En una configuración, cada módulo combinó simultáneamente las funciones de activación, detección y conmutación, lo que permitió producir movimientos rítmicos autónomos con una sola fuente constante de presión de aire. Al interconectar varias de estas unidades, los movimientos comenzaron a sincronizarse espontáneamente, sin radares, ni comunicación por radio, ni controladores electrónicos.
Esta coordinación natural fue validada en dos prototipos: uno de ellos clasificaba cuentas en recipientes distintos gracias a una plataforma giratoria que se inclinaba, y otro identificaba el borde de una mesa y se detenía antes de caer, todo mediante mecanismos estrictamente mecánicos.
“La coordinación espontánea no requiere instrucciones predeterminadas, sino que surge puramente de la manera en que las unidades están acopladas entre sí y de su interacción con el entorno”, explicó Mostafa Mousa.
El principio físico detrás de este comportamiento es el modelo matemático de Kuramoto, empleado para describir sincronización en redes de osciladores. Los experimentos demostraron que la sincronización solo se produce cuando los robots están conectados y en contacto directo con el suelo, permitiendo que el movimiento de cada “pierna” influya en las otras mediante fuerzas de fricción y compresión.
Mousa lo comparó con las luciérnagas que empiezan a parpadear al unísono al observarse, aunque aquí la sincronización se basa en el contacto físico y no en señales visuales.
Hacia máquinas autónomas para entornos extremos

Aunque los modelos actuales son de escritorio, la Universidad de Oxford enfatiza que los principios de diseño pueden escalarse a robots de mayor o menor tamaño. El equipo investiga el desarrollo de locomotores autónomos, de bajo consumo energético, destinados a funcionar en condiciones extremas, donde la energía resulta escasa y la adaptación es crucial.
El profesor Forte, director del RADLab en Oxford, subrayó que codificar la toma de decisiones y el comportamiento en la propia estructura física podría permitir la creación de máquinas adaptativas y sensibles con capacidad de moverse y ajustarse sin depender del software.
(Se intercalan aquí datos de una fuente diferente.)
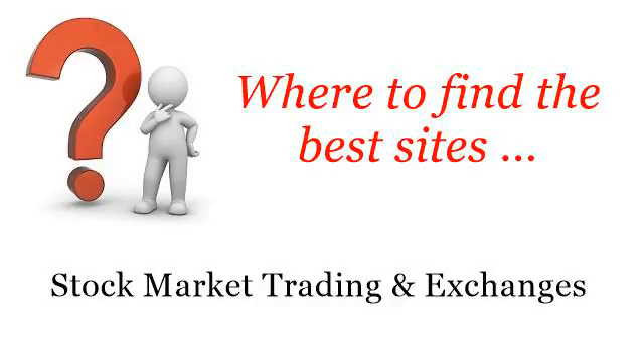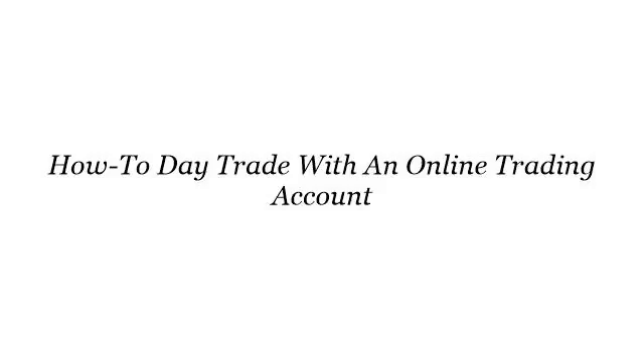Where to find the best sites for stock market trading and exchanges. The best internet resources about how to trade with an online trading account — these selected resources on the web might help you.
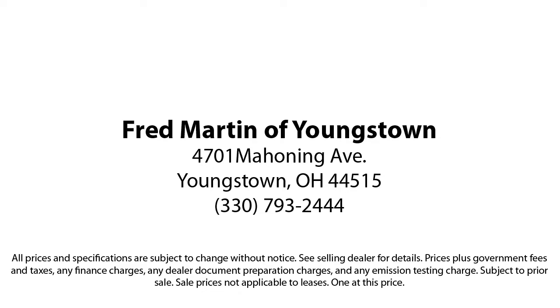Fred Martin of Youngstown — we sell for less, a lot less. Fred Martin of Youngstown is located at 4701 Mahoning Avenue in Youngstown.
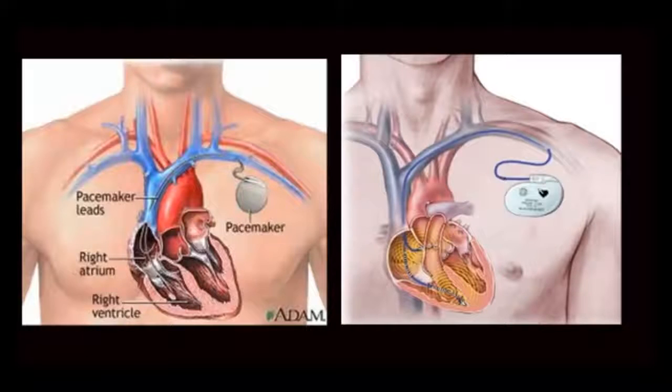Hi, this is Dr. Nick Nickham. Welcome to permanent pacemaker insertion. Here is a quick overview of the pacemaker. The pacemaker has a power supply known as the battery, which is very small and goes underneath the skin.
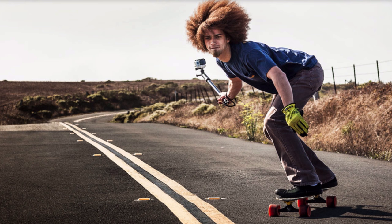On the other hand, he is holding a selfie stick with a GoPro camera attached to it. The black lace at the end of the stick protects the stick from falling from his hand. He is also wearing white socks and black shoes.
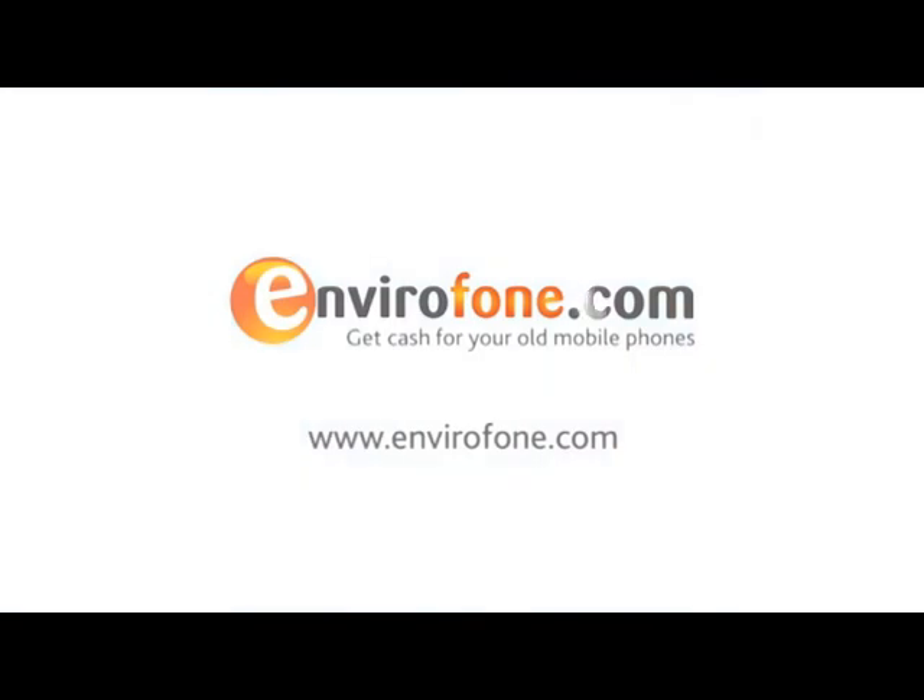£50. £100. Maybe even £150. Cool. And it helps the environment. Find out what your old mobile phone is worth at envirophone.com. That's envirophone.com.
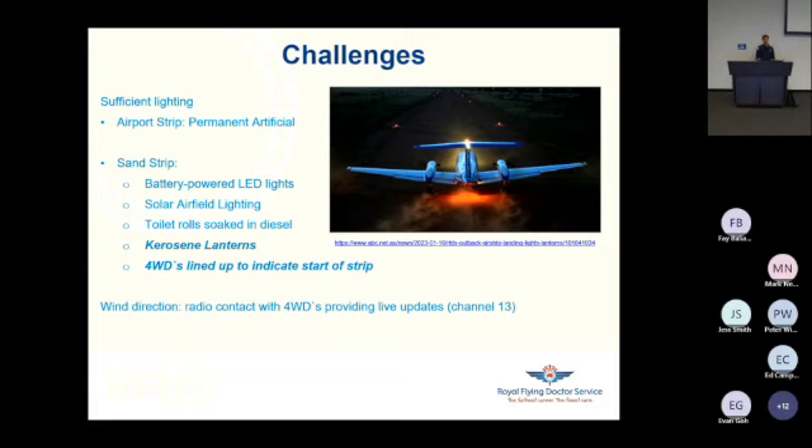Historically, toilet rolls soaked in diesel have been used for lighting. In our specific case, they decided to put kerosene in bins and set them on fire, with some four-wheel drives lined up to indicate the start of the strip. While we were circling over Mulungari, the pilot was in continuous radio contact with the farmers on the ground using the radios of the four-wheel drives. The farmers provided continuous updates about wind direction and weather using Channel 13. A lot of those farmers have quite specific aviation knowledge — either they can fly themselves, or they're used to working with pilots, so they often have considerable knowledge. I was really impressed by that.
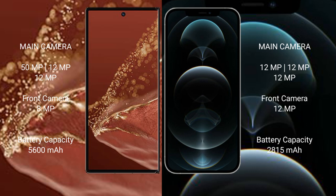The iPhone 12 Pro features a rear triple camera setup with 12MP wide, 12MP ultra-wide, and 12MP telephoto lenses.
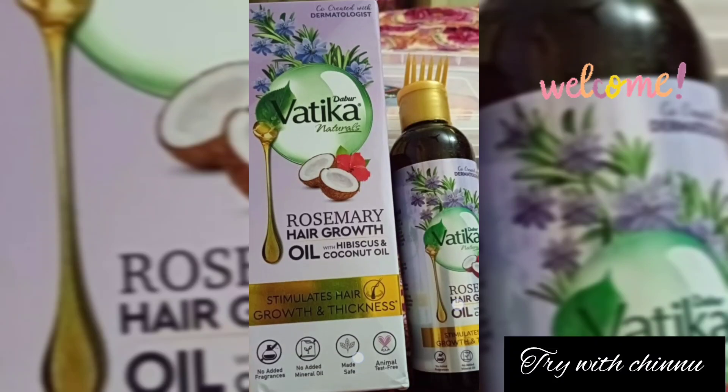Hi friends, this is our channel — first time selected for new viewers. Thank you very much. This is our channel, Vartica, Rosemary Hair Growth Oil review.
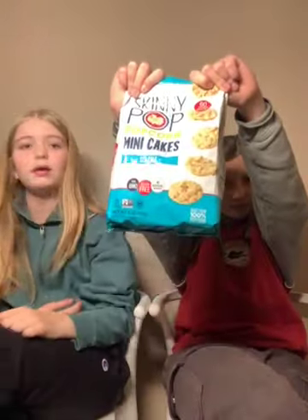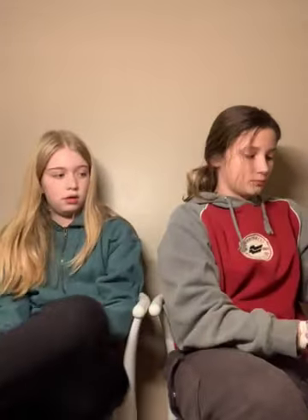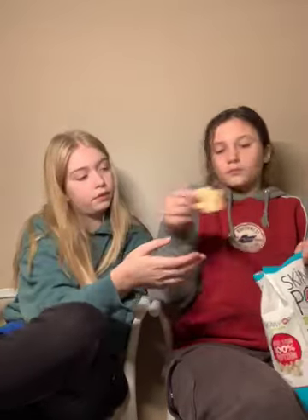Next are the Skinny Pop mini cakes. These are good — I want the sea salt ones.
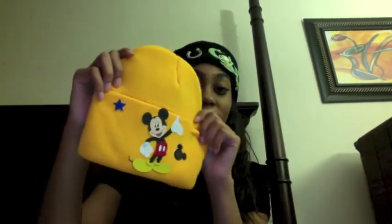Another one of my favorites is the Mickey Mouse hat. This is a Disney hat right here. Oh yeah, Disney — shout out to Disney.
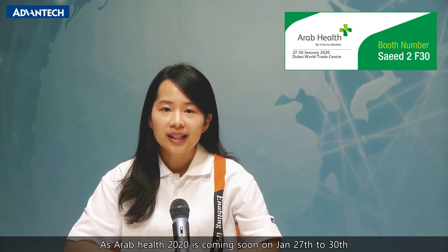Hi, welcome to Advantech iHealthcare webinar. As Arab Health 2020 is coming soon on January 27th to 30th, Advantech would like to invite you to our booth in Dubai World Trade Center, Saeed Hall II, F30.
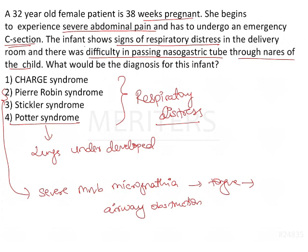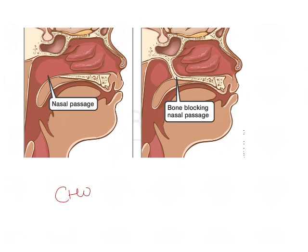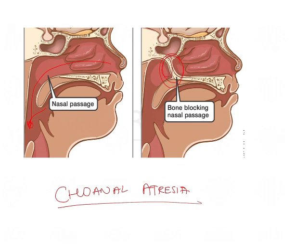What is more important here is not just the respiratory distress, but the difficulty in passing the nasogastric tube through the nares of the child. This indicates that the child has something known as choanal atresia — a congenital disorder where the nasal passage is blocked either by bone or a soft tissue membrane. Normally, the nasal passage opens into the pharynx and combines with the oropharynx, but in choanal atresia this passage is blocked, which is why there was difficulty passing the nasogastric tube.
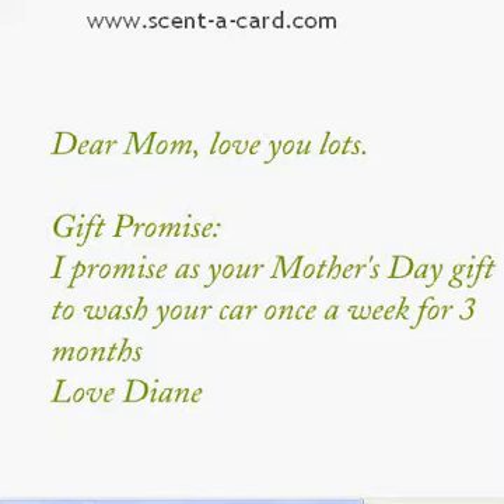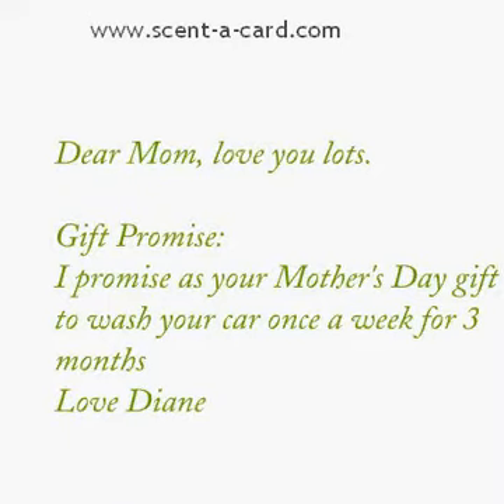When you are doing videos for your site, you want to really ensure that you have benefits for the visitors. So here's a benefit that I've cooked up — a gift promise. Here's what I've written: I promise as your Mother's Day gift to wash your car once a week for three months. That's maybe a little over the top for some of you — you could put down once a month for six months.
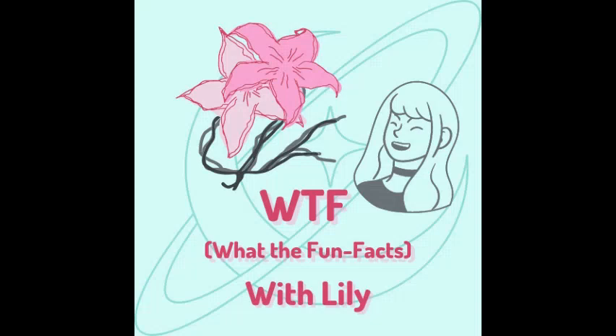Phew! I'm back, guys. That finals week was crazy, but I made it out alive. Anyway, welcome to the first episode of Fast Facts. This mini-series is where I talk about fun facts that aren't comprehensive enough to have their own episode, but I still wanted to talk about them, so I compiled a few into one bigger episode.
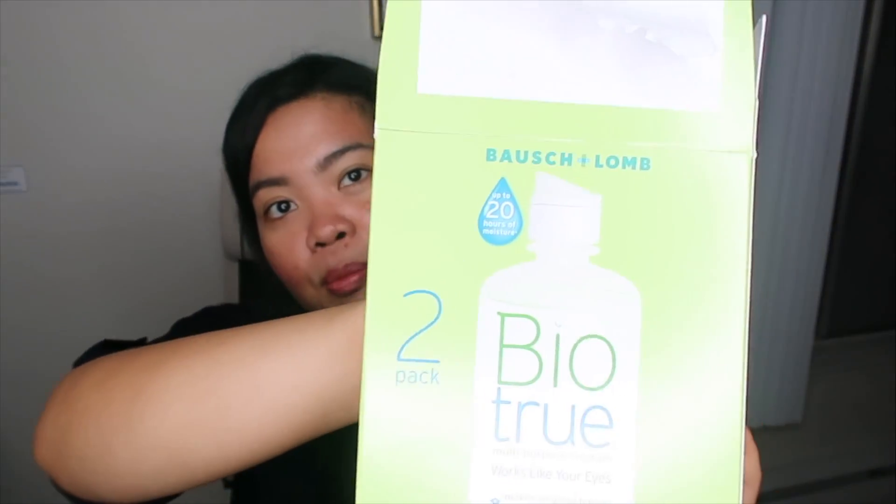Next is the Biotrue Multi-Purpose Contact Lens Solution. I've worn contact lenses since 2010 and have tried a lot of solutions, but I always come back to this one. It doesn't dry my eyes like others do, and I feel my contact lenses are really cleaner once I put them back in — I have the monthly ones. Try this brand if you wear contacts and are looking for a good solution; you can buy it anywhere, like Target.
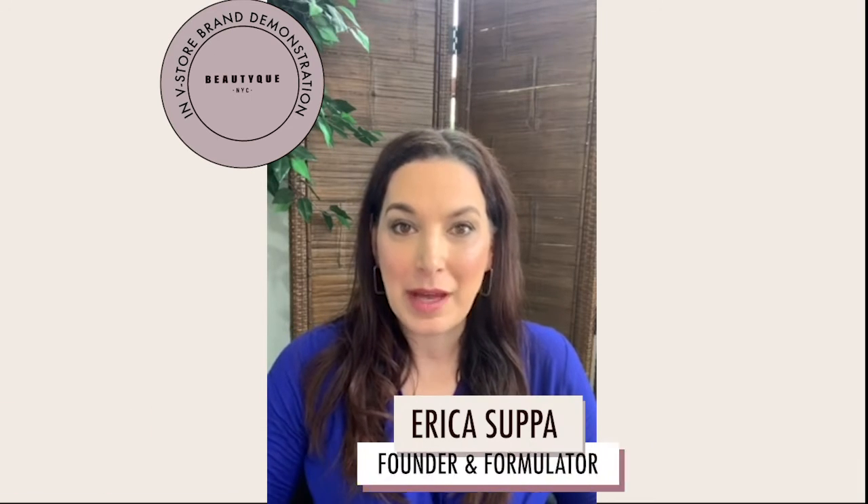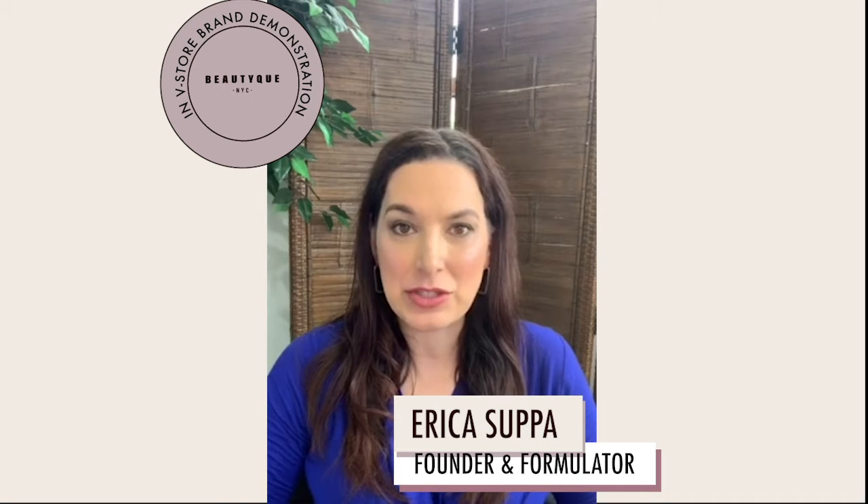Hi. The absolute number one concern that my clients have is pore size — large pores. How do you deal with that? What do you do? I'm Erica Supa. I'm a research scientist and licensed esthetician and creator of Fresh Face Skin Care Products. And I'm going to talk about how you can manage your larger pores.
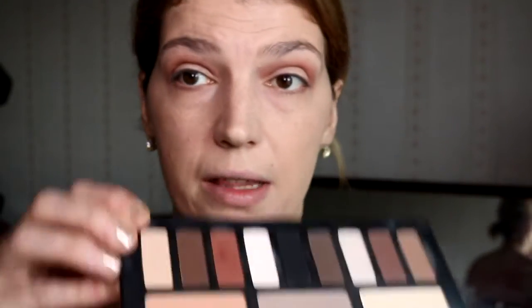Then I'm going to take what is normally the highlighting shade in that quad and actually put it all over my lid.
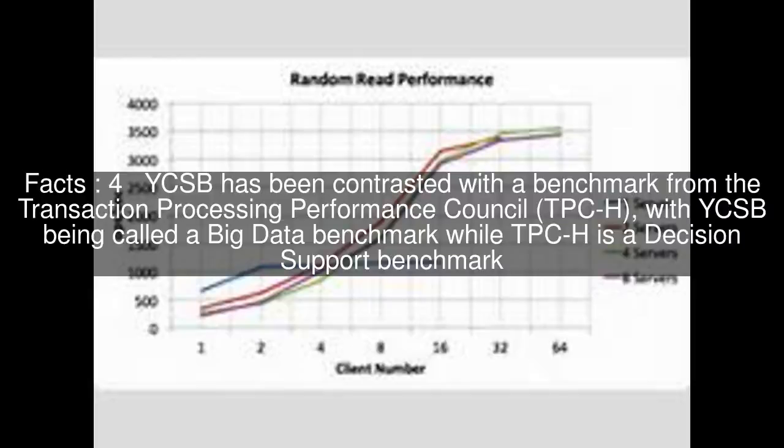YCSB has been contrasted with a benchmark from the Transaction Processing Performance Council, TPC-H, with YCSB being called a big data benchmark while TPC-H is a decision support benchmark.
Este avance impulsa el desarrollo de robots cuya “inteligencia” reside en el propio cuerpo, lo que puede traducirse en mayor rapidez, eficiencia y habilidad para afrontar situaciones imprevisibles.
La robótica blanda de Oxford plantea, así, máquinas que integran decisión y coordinación físicas, con el potencial de revolucionar la exploración y la manipulación, donde la simplicidad y la autosuficiencia son factores claves para el éxito.